To get around this I end up having to search out a term, copy it into the
Find What Box, crop out everything within the quotes just so that I can get
that curly quote in there but this is a pain in the neck. Any help would be
appreciated.

Thanks in advance
 
J

Jay Freedman

I'm trying to do a search (Ctrl F) and look for terms that appears like this:
("Contracts") however the quote that is cloaking the word Contracts is a
curly quote and when I type in the Find What Box \("*"\) (which is
generically asking to find anything cloaked in quotes and parentheses using
wildcards), it will not do the search because it is looking for straight
quotes. When I looked on the ASCII list, I found ^34 as the code for a
straight quote, but could not find the ASCII code for a curly quote. Anyone
out there know what that code is???

To get around this I end up having to search out a term, copy it into the
Find What Box, crop out everything within the quotes just so that I can get
that curly quote in there but this is a pain in the neck. Any help would be
appreciated.

Thanks in advance

The codes for curly double quotes are ^147 for the left quote and ^148 for the
right quote.

For future reference, ^34 will match both straight and curly quotes in an
ordinary non-wildcard Find, but you must use the specific codes for curly quotes
in a wildcard Find.
 
G

Greg Maxey

Jay,

This is a non-VBA observation, but I can enter the left curly quote in the
Find dialog using ALT+0147 but ALT+0148 fails to enter the right curry
quote.

Any ideas?

Thansk

--
Greg Maxey - Word MVP

My web site http://gregmaxey.mvps.org


McCain/Palin '08 !!!
 
J

jerem

Hi Jay
I've tried entering \(^147*^148\) in the Find What box with Wildcards,
however, it doesn't find anything at all. I see Greg's attempt and I'm going
to try that one as well - but any ideas why this is not working?
 
J

jerem

Jay and Greg:

I modified the finds to be:

\(^0147*^0148\) this works for curly quotes with Wildcards on

\(^34*34\) this works for straight quotes with Wildcards on

Thanks fellas
 
J

Jay Freedman

Hi Greg,

I dunno -- it works here, in both 2003 and 2007. Can you enter a curly quote in
body text that way?
 
G

Greg Maxey

Jay,

I know why now. I didn't have NUMLOCK on. For some reason ALT+0147 with
NUMLOCK off will still produce the left cury quote, but ALT+0148 won't
produce a right curly quote. I can create both with NUMLOCK on.



Jay said:
Hi Greg,

I dunno -- it works here, in both 2003 and 2007. Can you enter a
curly quote in body text that way?

--
Greg Maxey - Word MVP

My web site http://gregmaxey.mvps.org


McCain/Palin '08 !!!
 
G

Graham Mayor

The business of 0 in front of ASCII numbers actually seems a bit hit and
miss eg ^34 and ^034 both work, but ^147 does not while ^0147 does. I guess
I'll have to add another note to that section ;)
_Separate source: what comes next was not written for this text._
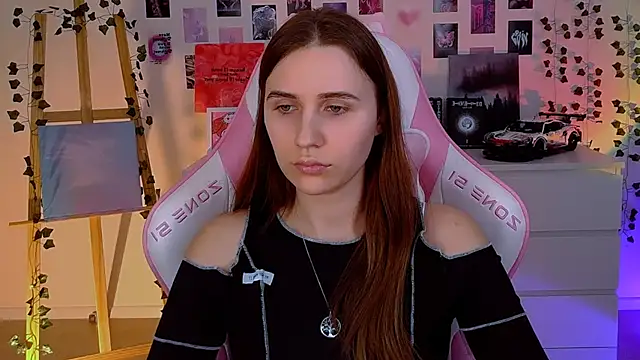 AliceCharmy online show from 02.13.25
For the sake of completeness you can search for either type of quote with

[^34^0147]*[^34^0148]

--
<>>< ><<> ><<> <>>< ><<> <>>< <>><<>
Graham Mayor - Word MVP


<>>< ><<> ><<> <>>< ><<> <>>< <>><<>
 
G

Greg Maxey

Graham,

Yes, and in a non-wildcard search:

'finds straight
'.Text = "^34*^34"
'finds curly
'.Text = "^0147*^0148"
'finds both
'.Text = """*"""
'or this finds both
.Text = Chr(34) & "*" & Chr(34)

where the "*" is a simple plain character in the document between the two
quotes.


Graham said:
The business of 0 in front of ASCII numbers actually seems a bit hit
and miss eg ^34 and ^034 both work, but ^147 does not while ^0147
does. I guess I'll have to add another note to that section ;)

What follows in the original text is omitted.